I plan a trip to Iceland and I would to make some good landscape photos.

I saw the first season of "Photographing the World" where they take pictures there with full frame camera and they show the differences between taking pics with 16-24mm.

I started to think that my 18mm (which equivalent to 24mm+) wont capture what I wanted.

I thought to get a new more wider lens for it where the options are:

1) Sigma 16mm f1.4

2) Sony 10-18mm f4

Now im not sure what should I get since I dont think the differences from 16mm in the sigma to my 18mm is that big but maybe the low f number will add some effects while the sony offers wider lens but little worried it will be dark.

I also heard about an option of using Sony 16mm f2.8 and using adapter to 12mm.

Thank you!

  • \$\begingroup\$ Do you intend to do night shots, or just day? \$\endgroup\$
    – Tetsujin
    May 1, 2020 at 10:30
  • \$\begingroup\$ I wouldnt say night shots but from what I saw there are many days in Iceland where the sun and clouds wont make it look too bright.
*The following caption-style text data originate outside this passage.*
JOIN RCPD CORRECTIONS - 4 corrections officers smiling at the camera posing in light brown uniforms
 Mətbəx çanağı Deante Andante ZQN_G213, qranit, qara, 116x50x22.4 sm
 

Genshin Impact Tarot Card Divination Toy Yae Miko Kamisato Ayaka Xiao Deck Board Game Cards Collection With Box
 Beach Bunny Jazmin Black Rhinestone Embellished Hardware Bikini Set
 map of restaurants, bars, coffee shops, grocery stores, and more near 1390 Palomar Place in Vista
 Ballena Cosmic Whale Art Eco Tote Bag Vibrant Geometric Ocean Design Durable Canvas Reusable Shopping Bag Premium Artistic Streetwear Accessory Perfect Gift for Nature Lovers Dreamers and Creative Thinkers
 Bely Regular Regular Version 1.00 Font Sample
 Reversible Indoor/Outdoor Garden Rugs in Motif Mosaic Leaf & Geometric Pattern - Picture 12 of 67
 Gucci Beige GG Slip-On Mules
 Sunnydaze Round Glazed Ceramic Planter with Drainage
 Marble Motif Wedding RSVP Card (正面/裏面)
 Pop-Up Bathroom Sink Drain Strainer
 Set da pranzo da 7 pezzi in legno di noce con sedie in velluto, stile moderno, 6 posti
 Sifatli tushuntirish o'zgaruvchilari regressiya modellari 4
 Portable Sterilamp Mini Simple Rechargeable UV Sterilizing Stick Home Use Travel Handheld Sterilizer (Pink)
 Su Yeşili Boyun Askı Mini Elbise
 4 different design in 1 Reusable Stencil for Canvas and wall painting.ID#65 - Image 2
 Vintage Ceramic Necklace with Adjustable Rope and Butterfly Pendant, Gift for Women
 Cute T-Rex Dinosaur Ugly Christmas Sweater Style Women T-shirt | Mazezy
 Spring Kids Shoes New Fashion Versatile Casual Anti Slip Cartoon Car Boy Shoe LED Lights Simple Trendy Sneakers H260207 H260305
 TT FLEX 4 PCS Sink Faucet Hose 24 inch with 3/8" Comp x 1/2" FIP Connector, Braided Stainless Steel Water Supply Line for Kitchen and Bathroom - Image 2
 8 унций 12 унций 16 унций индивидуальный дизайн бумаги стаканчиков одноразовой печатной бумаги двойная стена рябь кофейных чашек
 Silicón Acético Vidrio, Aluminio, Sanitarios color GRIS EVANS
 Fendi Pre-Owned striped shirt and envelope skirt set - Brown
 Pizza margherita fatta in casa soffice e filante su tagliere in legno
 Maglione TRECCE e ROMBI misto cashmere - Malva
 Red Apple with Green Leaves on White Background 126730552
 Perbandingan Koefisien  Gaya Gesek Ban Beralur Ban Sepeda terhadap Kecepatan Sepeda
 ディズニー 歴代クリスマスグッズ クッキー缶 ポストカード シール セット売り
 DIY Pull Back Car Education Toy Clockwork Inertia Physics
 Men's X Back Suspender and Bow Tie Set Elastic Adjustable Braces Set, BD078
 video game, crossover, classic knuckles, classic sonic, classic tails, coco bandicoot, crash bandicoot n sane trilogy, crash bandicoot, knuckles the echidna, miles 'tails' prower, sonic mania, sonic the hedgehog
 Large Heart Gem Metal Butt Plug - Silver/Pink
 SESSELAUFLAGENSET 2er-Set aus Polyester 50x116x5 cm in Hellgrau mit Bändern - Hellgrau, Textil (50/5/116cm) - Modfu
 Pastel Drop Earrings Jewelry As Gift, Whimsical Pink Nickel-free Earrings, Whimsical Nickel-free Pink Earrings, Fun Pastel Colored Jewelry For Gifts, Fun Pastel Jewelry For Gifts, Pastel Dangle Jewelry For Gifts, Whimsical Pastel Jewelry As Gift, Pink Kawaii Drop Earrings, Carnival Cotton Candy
Of course the f1.4 will allow mw to do astro photos as well but for this trip it is not the main porpuse. \$\endgroup\$
    – Ben
    May 1, 2020 at 10:53
  • 2
    \$\begingroup\$ another possibility would be to use the lens you have and if you feel that it's not wide enough, you can combine multiple pictures to a panorama \$\endgroup\$
    – jng224
    May 1, 2020 at 13:41
  • \$\begingroup\$ I took a 16-35mm f/4 for a full frame camera to Iceland. Also rented an 85mm f/1.2 and was happy with both. For landscapes, make sure you have some filters: square kit if you have the cash. Definitely get a polarizer...and ND’s if you will want daytime long exposures. \$\endgroup\$
    – OnBreak.
    May 1, 2020 at 16:03
  • \$\begingroup\$ Can you tell how many times you actually used the 16mm? because if a lot than the sigma 16mm cropped wont be enough for me unfortunetly. \$\endgroup\$
    – Ben
    May 1, 2020 at 16:41

2 Answers 2


To clarify: 18mm on this camera mean 27mm on FF.

I owned A6000 with 18-105/F4 some time a go and I was very happy with this combination. In very rare cases I found I need wider lens. And IMO Sigma 16mm is not much wider than 18mm. Also when you make landscape photos you usually close aperture to F8-F11 to get bigger depth of field. So Sigma with F1.4 will give you no benefits in this direction.

I do not have experience with Sony 10-18 lens, but what I see from my crop sensor camera I rarely use 10-18, maybe no more than 15% of photos of landscape (same number for 16-35 FF combination).

So if you can/want to spend money for second lens will be better to be Sony 10-18.

But if you have idea to make night photos (aurora borealis for example) will be better to get Sigma 16mm/F1.4 and tripod (if you do not have one)

  • \$\begingroup\$ Thank you for the detailed answer. I just saw in the show that moat of the photos were taken in 16mm FF in order to catch the whole mountain/waterfall etc so ye maybe after that trip I really wint have that much use of so wide angle but I kind of dont want to photo mountain without it's top =) \$\endgroup\$
    – Ben
    May 1, 2020 at 11:14

I visited Iceland in 2018. I shot with Fuji's- XT-2 and XT-3.

I just looked at the metadata for the 1000+ pictures I took there. 3% were shot with a 10-24, 13% were shot with a 100-400, and 84% with an 18-135.

Your esthetic will be different of course. There are times where an extreme wide angle will come in handy, and you may need to generate a panorama to fit everything in, but I found that a lot of what I shot seemed to work better in detail. You can fit a mountain into the frame with an extreme wide angle, but I got a better sense of the immensity of the landscape if I could include some feature for scale against the cliffs and waterfalls, and it's difficult to do both at the same time.

Having said that, I think you'll be using your 18-105 a majority of the time, and I'd recommend the 10-18 as a second lens.

I'd also recommend being very careful about cleaning and changing lenses there. Volcanic ash is extremely abrasive and Iceland can be extremely windy. Try to change lenses in a protected location, and don't rub a dirty lens to clean the dust off.